Effect of Minor Additions of CeO2 on Conductivity of Perovskites with Mixed Ionic-Electronic Conductivity

Conductivity, structure and thermochemical stability of compositions in the following series (100-x)La0.6Sr0.4CoO3•xCeO2 (LSCC), (100-x)La0.8Sr0.2MnO3•xCeO2 (LSMC) and (100-x)La0.95Ni0.6Fe0.4O3•xCeO2 (LNFC), where x= 0, 2 and 10 mol%, were studied. CeO2 has slightly higher solubility limit in La0.6Sr0.4CoO3 and La0.8Sr0.2MnO3 compared to La0.95Ni0.6Fe0.4O3, forming LSCC2 and LSMC2 single phase solid solutions.

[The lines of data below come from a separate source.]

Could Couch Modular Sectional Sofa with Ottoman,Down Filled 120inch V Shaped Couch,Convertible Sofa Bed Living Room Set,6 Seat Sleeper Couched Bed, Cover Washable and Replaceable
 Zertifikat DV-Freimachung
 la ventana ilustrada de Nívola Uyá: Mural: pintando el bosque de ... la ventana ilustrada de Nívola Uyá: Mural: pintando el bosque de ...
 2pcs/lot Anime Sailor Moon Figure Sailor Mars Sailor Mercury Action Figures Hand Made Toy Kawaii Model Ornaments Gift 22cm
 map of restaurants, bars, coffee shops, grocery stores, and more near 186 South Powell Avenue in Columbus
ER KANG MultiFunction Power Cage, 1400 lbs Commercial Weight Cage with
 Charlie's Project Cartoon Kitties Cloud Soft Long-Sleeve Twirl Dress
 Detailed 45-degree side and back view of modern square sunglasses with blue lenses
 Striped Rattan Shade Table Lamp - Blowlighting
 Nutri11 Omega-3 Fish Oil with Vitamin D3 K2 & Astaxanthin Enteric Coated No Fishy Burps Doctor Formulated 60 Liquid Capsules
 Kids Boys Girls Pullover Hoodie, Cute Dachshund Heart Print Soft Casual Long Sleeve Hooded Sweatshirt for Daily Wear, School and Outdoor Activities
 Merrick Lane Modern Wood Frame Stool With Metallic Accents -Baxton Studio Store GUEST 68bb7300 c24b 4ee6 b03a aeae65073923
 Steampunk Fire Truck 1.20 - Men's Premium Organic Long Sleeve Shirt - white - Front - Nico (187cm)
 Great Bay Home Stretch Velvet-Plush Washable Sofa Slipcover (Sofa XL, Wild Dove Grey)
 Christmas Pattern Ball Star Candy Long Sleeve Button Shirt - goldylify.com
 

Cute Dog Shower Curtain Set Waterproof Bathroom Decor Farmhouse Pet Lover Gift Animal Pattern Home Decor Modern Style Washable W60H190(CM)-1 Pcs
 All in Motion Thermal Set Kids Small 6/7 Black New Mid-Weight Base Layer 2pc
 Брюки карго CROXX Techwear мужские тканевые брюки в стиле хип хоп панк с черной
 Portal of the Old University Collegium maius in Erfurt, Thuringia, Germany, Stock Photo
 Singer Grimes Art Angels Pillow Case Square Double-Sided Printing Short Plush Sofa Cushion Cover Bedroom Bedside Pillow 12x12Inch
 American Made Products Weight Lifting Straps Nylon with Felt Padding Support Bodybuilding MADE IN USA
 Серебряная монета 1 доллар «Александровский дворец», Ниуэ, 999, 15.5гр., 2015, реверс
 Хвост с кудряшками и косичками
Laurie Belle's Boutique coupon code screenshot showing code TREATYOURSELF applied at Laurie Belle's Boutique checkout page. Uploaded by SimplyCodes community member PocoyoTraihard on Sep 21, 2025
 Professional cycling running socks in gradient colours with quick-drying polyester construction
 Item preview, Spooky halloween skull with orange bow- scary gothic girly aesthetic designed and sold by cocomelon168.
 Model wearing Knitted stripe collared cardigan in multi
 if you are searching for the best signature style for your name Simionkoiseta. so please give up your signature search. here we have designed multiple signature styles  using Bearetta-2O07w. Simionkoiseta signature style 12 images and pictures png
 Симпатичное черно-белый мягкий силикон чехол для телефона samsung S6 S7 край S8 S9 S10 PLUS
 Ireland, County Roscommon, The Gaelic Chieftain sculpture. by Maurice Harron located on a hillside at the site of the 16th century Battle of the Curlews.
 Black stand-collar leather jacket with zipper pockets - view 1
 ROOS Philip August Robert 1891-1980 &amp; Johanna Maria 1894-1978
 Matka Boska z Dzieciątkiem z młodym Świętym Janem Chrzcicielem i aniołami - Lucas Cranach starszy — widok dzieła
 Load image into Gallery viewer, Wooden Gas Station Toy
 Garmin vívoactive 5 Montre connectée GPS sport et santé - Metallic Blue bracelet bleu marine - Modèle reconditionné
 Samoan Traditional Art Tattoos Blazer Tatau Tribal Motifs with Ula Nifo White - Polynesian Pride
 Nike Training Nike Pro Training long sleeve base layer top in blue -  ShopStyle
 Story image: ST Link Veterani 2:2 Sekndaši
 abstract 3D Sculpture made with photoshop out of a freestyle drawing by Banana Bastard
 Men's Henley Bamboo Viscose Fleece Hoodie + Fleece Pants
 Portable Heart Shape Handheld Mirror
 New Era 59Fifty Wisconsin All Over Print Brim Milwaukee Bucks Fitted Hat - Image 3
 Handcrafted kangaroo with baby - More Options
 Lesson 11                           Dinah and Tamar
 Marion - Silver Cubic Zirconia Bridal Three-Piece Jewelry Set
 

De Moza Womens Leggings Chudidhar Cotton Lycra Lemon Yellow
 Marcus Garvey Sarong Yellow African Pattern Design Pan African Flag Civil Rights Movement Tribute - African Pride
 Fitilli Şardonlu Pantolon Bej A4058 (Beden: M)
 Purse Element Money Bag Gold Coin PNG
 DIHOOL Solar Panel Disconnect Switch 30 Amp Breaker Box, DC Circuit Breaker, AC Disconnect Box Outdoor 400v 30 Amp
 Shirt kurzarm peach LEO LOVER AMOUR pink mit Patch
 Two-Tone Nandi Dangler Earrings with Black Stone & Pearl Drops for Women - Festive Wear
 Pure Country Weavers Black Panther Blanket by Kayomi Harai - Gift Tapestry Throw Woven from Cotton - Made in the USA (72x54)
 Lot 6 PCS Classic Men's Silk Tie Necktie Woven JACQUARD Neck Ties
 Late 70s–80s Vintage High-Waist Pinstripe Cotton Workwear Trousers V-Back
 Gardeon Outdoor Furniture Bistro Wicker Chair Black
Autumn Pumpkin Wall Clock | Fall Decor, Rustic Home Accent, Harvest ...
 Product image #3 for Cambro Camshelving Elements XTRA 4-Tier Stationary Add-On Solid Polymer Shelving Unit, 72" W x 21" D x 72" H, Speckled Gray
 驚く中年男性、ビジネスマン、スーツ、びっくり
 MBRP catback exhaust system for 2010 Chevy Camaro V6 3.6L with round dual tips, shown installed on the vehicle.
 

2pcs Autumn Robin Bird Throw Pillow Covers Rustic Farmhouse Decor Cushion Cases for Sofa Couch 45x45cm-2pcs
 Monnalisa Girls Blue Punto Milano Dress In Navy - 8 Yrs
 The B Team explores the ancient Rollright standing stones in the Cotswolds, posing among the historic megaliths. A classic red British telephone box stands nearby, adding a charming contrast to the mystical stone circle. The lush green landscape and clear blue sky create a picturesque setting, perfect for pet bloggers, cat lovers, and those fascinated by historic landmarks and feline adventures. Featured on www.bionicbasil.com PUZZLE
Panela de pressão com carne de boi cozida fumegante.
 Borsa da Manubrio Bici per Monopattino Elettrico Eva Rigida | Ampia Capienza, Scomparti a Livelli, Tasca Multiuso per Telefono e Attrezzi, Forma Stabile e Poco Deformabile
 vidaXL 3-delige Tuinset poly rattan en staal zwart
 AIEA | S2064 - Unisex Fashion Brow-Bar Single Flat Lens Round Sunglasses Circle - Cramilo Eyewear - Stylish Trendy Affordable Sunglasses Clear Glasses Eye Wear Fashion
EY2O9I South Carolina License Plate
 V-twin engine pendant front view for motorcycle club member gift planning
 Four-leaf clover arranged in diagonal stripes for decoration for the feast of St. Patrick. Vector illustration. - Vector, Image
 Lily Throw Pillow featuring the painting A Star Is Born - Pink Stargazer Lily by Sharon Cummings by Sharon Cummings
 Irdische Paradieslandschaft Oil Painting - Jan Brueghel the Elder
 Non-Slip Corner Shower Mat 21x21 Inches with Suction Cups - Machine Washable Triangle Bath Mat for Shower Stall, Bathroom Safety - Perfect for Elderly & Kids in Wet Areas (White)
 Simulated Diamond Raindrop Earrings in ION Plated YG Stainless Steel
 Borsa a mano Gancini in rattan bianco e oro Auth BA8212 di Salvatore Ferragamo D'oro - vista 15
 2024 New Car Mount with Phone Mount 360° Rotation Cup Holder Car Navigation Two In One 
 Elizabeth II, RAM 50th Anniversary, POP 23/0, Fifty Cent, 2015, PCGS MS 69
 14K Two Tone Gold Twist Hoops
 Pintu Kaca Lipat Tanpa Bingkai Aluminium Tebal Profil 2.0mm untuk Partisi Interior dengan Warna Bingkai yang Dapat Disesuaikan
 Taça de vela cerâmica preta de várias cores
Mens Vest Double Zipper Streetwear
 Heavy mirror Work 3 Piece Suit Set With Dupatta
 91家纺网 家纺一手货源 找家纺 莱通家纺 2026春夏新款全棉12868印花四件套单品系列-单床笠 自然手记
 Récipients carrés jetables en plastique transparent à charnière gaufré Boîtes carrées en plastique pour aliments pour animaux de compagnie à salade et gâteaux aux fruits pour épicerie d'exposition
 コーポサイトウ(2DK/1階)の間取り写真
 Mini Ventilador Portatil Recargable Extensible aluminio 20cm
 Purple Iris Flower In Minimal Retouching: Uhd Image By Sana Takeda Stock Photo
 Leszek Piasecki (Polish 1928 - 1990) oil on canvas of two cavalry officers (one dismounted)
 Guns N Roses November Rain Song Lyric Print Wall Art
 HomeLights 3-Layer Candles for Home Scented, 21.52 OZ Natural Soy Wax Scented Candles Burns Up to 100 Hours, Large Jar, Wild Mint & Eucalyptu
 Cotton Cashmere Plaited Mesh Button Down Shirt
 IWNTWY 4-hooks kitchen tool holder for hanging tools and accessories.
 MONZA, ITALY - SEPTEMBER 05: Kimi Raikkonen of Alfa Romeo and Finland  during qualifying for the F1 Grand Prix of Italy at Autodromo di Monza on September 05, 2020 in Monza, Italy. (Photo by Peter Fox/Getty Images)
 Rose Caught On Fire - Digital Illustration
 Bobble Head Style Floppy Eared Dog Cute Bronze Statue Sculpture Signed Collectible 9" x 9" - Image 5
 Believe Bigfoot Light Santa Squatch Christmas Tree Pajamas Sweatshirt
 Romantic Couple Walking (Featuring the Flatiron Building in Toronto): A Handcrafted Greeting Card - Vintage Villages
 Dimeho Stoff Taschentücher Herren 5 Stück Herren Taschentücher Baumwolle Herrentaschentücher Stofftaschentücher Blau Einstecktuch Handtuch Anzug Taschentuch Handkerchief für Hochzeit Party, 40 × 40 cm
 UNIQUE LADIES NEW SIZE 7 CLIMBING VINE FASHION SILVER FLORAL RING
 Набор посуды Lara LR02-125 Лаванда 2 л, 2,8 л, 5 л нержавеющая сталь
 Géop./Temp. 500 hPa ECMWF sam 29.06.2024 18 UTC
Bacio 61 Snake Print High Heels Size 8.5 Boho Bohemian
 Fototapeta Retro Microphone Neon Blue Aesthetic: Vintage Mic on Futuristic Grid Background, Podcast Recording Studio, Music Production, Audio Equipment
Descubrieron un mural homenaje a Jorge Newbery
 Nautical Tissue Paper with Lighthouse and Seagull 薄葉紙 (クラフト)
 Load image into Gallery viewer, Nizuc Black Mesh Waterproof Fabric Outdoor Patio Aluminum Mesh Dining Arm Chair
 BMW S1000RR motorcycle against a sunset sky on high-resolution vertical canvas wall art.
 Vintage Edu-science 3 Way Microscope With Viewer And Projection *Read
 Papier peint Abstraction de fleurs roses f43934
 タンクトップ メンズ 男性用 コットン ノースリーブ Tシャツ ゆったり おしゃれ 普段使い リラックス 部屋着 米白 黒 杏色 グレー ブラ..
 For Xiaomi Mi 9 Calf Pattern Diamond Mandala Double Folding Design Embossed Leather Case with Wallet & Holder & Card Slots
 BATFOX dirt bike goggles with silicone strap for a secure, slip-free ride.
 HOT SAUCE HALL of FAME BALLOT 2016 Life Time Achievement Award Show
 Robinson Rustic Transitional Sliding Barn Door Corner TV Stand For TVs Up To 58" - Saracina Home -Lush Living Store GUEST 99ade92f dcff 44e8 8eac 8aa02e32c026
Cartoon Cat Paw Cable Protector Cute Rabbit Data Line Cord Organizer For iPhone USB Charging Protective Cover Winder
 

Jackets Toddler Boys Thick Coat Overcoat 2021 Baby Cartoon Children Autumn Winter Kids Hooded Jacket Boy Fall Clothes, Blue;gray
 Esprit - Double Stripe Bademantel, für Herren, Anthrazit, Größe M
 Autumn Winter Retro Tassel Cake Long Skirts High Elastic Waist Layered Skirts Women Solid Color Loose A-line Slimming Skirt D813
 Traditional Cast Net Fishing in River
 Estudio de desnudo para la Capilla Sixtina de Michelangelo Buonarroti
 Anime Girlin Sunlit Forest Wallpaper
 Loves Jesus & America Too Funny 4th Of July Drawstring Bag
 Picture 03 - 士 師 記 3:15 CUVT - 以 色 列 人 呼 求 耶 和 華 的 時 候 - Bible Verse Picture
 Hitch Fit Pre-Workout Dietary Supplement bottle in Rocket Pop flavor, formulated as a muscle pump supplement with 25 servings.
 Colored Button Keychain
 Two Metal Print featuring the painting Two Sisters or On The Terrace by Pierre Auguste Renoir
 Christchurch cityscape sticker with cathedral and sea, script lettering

All compositions containing more than 2 mol% ceria were two phase and consisted of a perovskite constituent with rhombohedral structure and ceria with cubic structure. Small additions of CeO2 influence the conductivity of the modified perovskites in a different way. Conductivity in the LSCC series dramatically decreased. Adding up to 10 mol % CeO2 slightly changed the total conductivity in the LSMC series in spite of the presence of the secondary phase. The conductivity of the perovskites as a function of oxygen partial pressure (0.21-10-4 atm) is discussed.